- _Description of the task_
Return, exactly as written, the lines of the material from its top through the line with "Customized Nebraska Cornhuskers", keeping pictures out.

====== Provided records

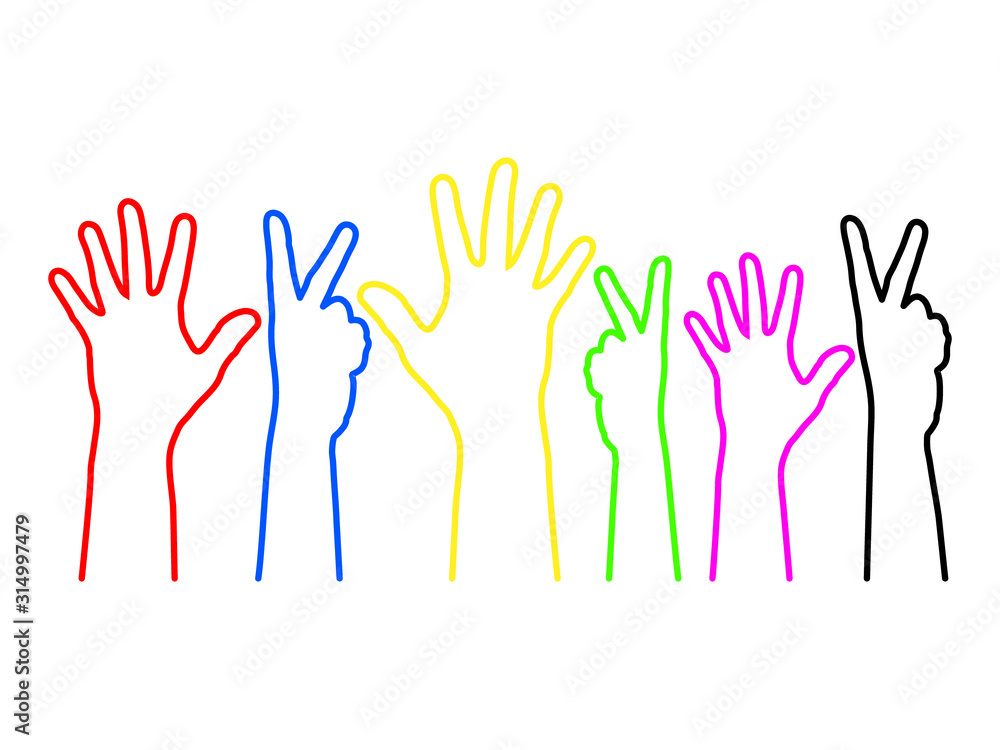 Multicultural team, hands raised up with fingers spread and a sign of victory from multicolored contour curves lines on white background. Vector illustration. Multicultural team, hands raised up with fingers spread and a sign of victory from multicolored contour curves lines on white background. Vector illustration.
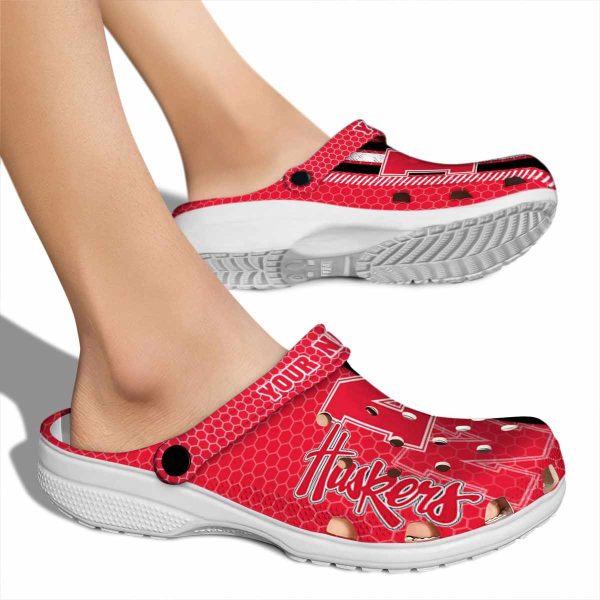 Customized Nebraska Cornhuskers Contrasting Stripes Crocs High quality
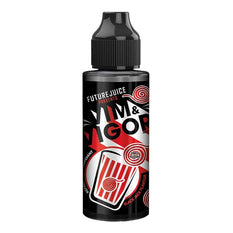 Black Jack Vim and Vigor Shortfill E-liquid by Future Juice in a 100ml bottle, featuring bold graphics and sweet flavor profile.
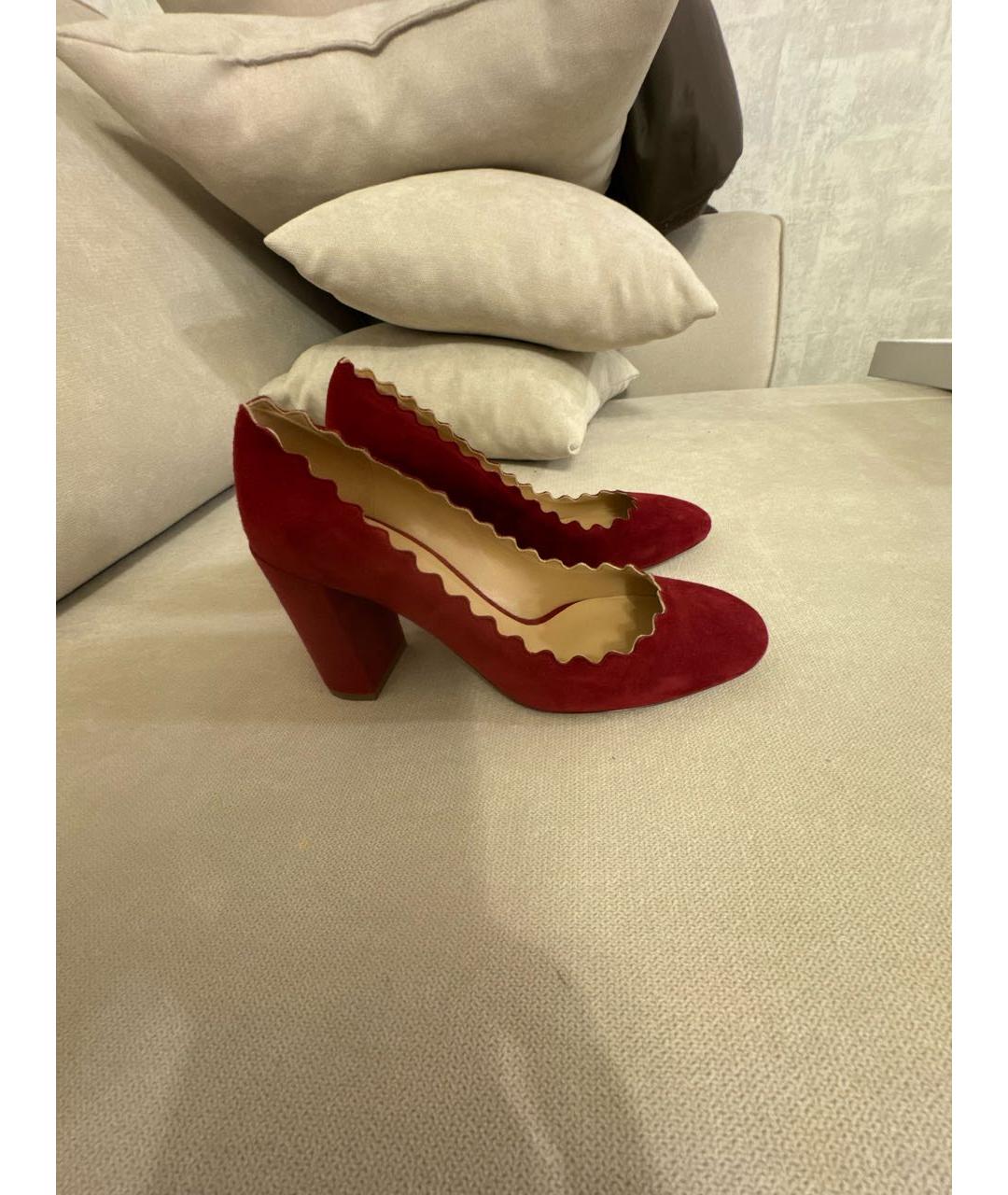CHLOE Бордовые замшевые туфли, фото 5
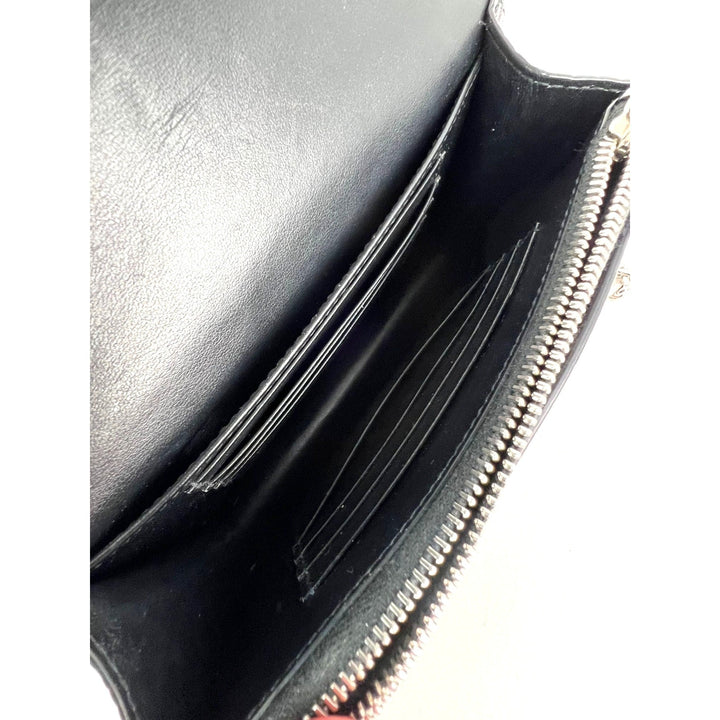 Saint Laurent Black Leather Sunset Wallet on a Chain Crocodile Embossed Bag
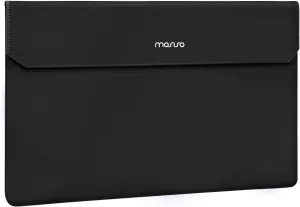 MOSISO Portable Monitor Sleeve 16.1 inch, Carrying Case for 15.6-16.1 inch Portable Displays, Laptop Display Bag with Front Pocket, PU Leather Case for Travel Monitor, Black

============

- _Exercise solution_
 Multicultural team, hands raised up with fingers spread and a sign of victory from multicolored contour curves lines on white background. Vector illustration. Multicultural team, hands raised up with fingers spread and a sign of victory from multicolored contour curves lines on white background. Vector illustration.
 Customized Nebraska Cornhuskers Contrasting Stripes Crocs High quality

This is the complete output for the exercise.